The mandatory provisions of the change of venue statute are no stronger than those to be found in the statute, section 3116, Revised Statutes 1919, requiring a trial by jury when the circumstances are such as are mentioned in the statute. We have no quarrel with the rule that a justice must exercise his jurisdiction in the manner provided by law and that jurisdictional facts must appear on the face of his proceedings and that no intendment is allowed in favor of his jurisdiction, but *669 there is no question of jurisdiction, in the sense in which we are discussing the question, involved in this case. If the justice's record is in such a condition that we must say that the justice failed to try the issues involved without the aid of a jury, then we hold that his action constituted an irregularity that should have been corrected by a direct attack, and the judgment rendered by him is not subject to collateral attack. Had the proceeding been attacked directly the court no doubt would have given due consideration to defendant's contention that that part of the statute that permits a judgment assessing the value of the property or an alternative judgment grants relief unknown to the common law and that the statute provides for a summary proceeding and, therefore, should be strictly construed.

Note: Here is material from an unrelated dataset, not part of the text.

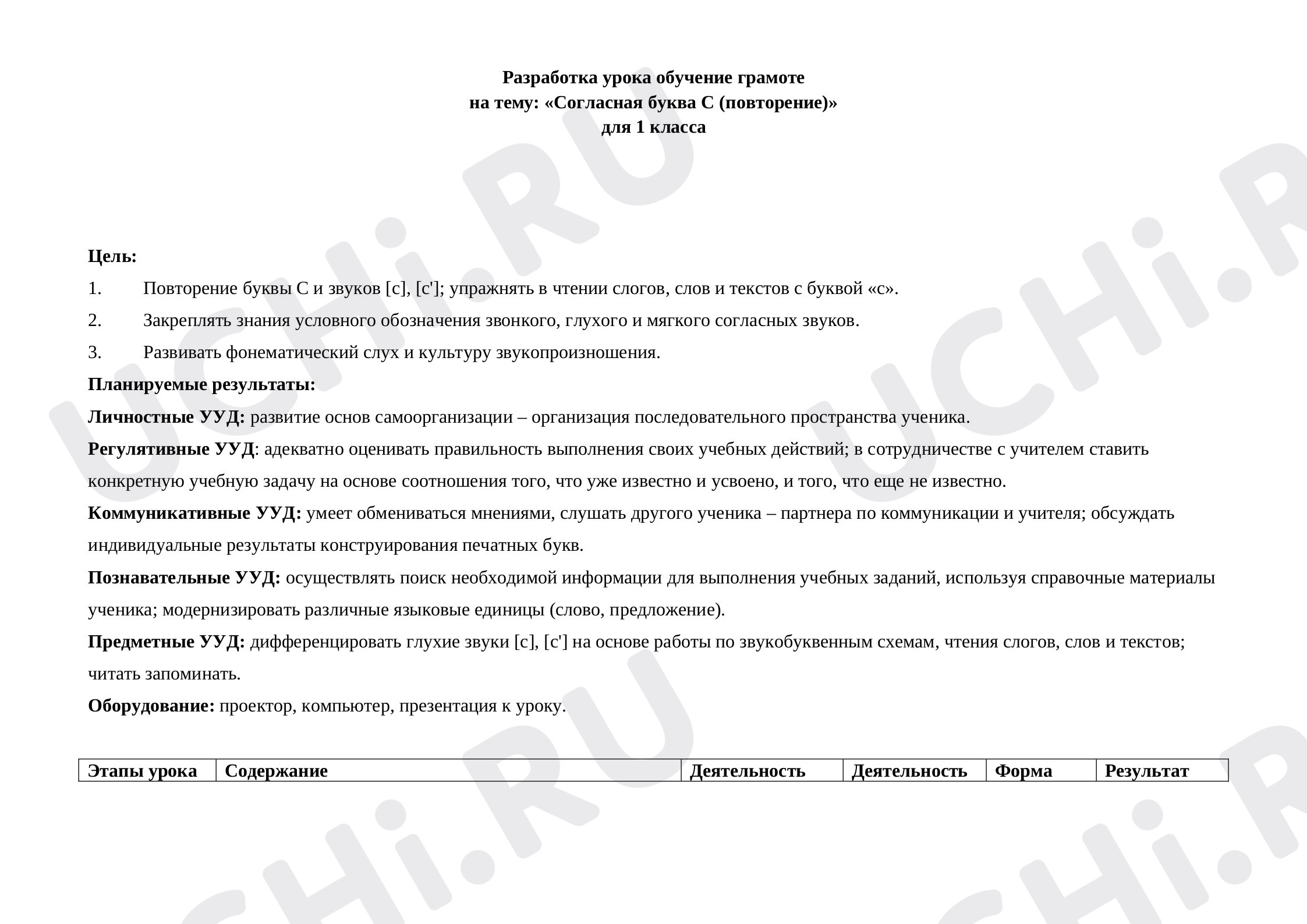 Предпросмотр материала Технологическая карта урока русского языка. «Согласная буква С (повторение)».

The statute, section 3118, Revised Statutes 1919, required that —

"The judgment in the cases mentioned in the two next preceding sections shall be against the plaintiff and his sureties for the return of the property taken, or that they pay the value so assessed, in the discretion of the defendant, or the value of the poessession of the same, in case a return cannot be had, or shall not be ordered, and for the damages assessed and costs of suit. But the defendant shall not be required to make election between a return of the property and the assessed value thereof, until the property is delivered to the constable on the execution, and the defendant has notice thereof."

Defendant complains that the judgment does not conform to this statute but merely finds that defendant was the owner and entitled to possession of the goods, naming them, and find the value thereof and assesses damages for the wrongful detention by plaintiff. Defendant insists that for this reason the judgment is void. It is held, as before stated, that where a justice has jurisdiction of the parties and the subject matter, his judgment may not be collaterally attacked for anything constituting an error that may have been cured *670 by an appeal. [Kansas City ex rel. v. Winner, supra.] There is no question but that if the judgment does not comply with the statute in the manner claimed, it could have been corrected by appeal. In his argument plaintiff says that the execution was for $250 and costs and and that it does not follow the judgment, it being contended that the judgment was for only $50. The execution is not attacked for this reason in the motion to quash and, consequently, the question can not now be raised.

The judgment is affirmed. All concur.